There is a trend of seeing the many achievements of the youth (the top 30 under 30 in various industries, the spotlight on the youngest to ever do it, etc.), but there is that other side, those who dream and achieve later in life. As a child, I definitely felt that I needed to achieve all I could in my 20s, not understanding that life is complicated, things happen and not everything is going to turn out the way you would expect. Having the understanding now that I can reach for new dreams/goals later in life has helped ease the pressure I have placed on myself in recent years. And as a society, we have seen all kinds of people break through and reach their goals later in life.
“It’s much better to find success later in life. It takes a very long time to become good.”
-Bettye LaVette, Singer
In 2016, Comedienne Leslie Jones highlighted this in a sketch on Saturday Night Live (SNL).

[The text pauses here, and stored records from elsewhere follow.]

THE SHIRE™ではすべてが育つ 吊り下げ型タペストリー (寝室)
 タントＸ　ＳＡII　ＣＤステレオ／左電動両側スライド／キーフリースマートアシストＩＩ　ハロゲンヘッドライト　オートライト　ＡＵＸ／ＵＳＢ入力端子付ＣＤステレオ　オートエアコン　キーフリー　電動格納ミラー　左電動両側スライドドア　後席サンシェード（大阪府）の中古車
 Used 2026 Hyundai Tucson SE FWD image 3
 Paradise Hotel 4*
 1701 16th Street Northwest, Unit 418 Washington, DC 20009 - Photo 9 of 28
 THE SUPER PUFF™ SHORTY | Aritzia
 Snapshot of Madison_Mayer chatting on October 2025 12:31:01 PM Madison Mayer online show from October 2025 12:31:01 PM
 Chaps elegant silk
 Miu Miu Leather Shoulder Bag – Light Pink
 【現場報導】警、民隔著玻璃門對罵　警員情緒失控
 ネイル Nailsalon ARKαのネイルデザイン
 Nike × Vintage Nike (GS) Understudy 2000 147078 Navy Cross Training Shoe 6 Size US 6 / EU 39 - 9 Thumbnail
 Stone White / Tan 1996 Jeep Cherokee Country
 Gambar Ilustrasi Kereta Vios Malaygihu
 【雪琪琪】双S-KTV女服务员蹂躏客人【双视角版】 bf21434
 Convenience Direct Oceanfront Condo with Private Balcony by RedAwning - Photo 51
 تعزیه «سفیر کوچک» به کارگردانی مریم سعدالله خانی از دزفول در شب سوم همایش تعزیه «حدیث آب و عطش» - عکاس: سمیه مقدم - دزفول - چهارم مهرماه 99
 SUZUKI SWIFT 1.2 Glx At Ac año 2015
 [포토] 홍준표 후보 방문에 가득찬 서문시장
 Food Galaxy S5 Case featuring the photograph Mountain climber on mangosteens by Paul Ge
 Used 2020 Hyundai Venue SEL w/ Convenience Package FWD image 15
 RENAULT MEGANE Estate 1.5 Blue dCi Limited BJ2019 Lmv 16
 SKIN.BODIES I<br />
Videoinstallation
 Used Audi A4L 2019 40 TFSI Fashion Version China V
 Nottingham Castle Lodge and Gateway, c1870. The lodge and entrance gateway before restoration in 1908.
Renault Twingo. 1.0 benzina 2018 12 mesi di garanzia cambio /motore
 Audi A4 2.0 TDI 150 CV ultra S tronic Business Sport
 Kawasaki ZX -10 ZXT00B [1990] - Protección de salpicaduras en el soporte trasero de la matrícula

After 2 decades in comedy, she herself had her mainstream break while in her 40s, she notes in “the Weekend Update” segment “the fact that Vera Wang didn’t design her first dress until she was 40, or that Oprah was fired from her job when she was 23.”  In the midst of quarantine in June 2020, Jones appeared on the YouTube show, Zooming with the Homies hosted by Tahir Moore, where she discussed with fellow comedians the benefit of having found success in her 40s as she had a better sense of herself and had a level of maturity that enabled her to navigate her journey and be able to step away from pitfalls that she probably would not have in her 20s.
Specifically, for women, with the pressures of society, their ambitions and dreams are at times put aside with the focus on family as well as just needing to be “practical.” As emphasized in the article, “Changing Channels,” from the Washington Post, “for American women in middle age and later, that might mean returning to ambitions set aside years ago to raise a family or follow a spouse’s career. It might mean finding ambitions they never had before or reaping overdue success.”
“Our culture tells us a story that we’ll lose and lose and lose as we get older. And it’s not true.”
-Heather Havrilesky, Writer and Cultural Critique
Whether due to family obligations or life just being life, continuing to dream and working on your passions will only benefit us. If we reach that mountain top in our 20s or have our “aha” moment in our 40s about what we actually want to do and then make it happen, one thing for sure is that success and the journey to it does not have an age limit.